== PROBLEM ==
The required output holds only the lines from the one containing "VA - Happiness" through the end of the material below, copied exactly, please, with no pictures.

== SUPPLIED INFORMATION ==
=== Begin Enclosure ===

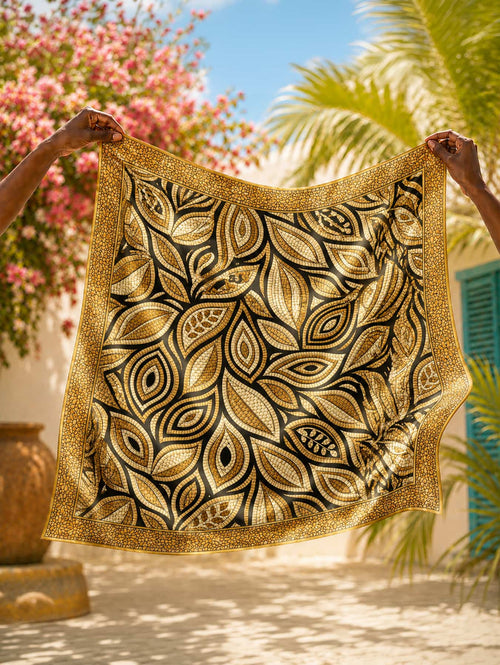 Ashanti Bandana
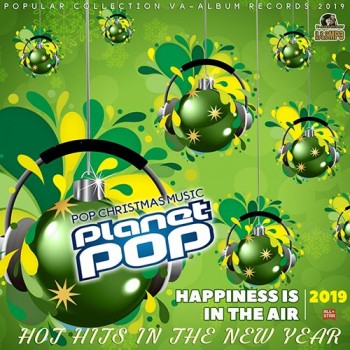 VA - Happiness In The Air [150Canzoni](2018) .mp3 -320 Kbps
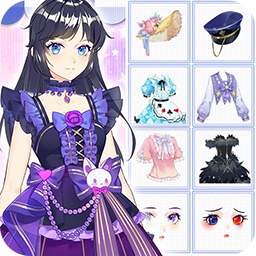 可可星动营游戏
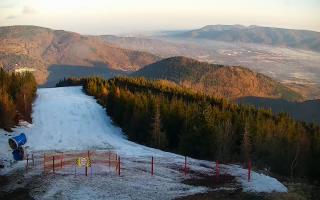 COS Szczyrk Skrzyczne - 19-12-2025 07:38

=== End Enclosure ===

== ANSWER FOR THIS EXERCISE ==
 VA - Happiness In The Air [150Canzoni](2018) .mp3 -320 Kbps
 可可星动营游戏
 COS Szczyrk Skrzyczne - 19-12-2025 07:38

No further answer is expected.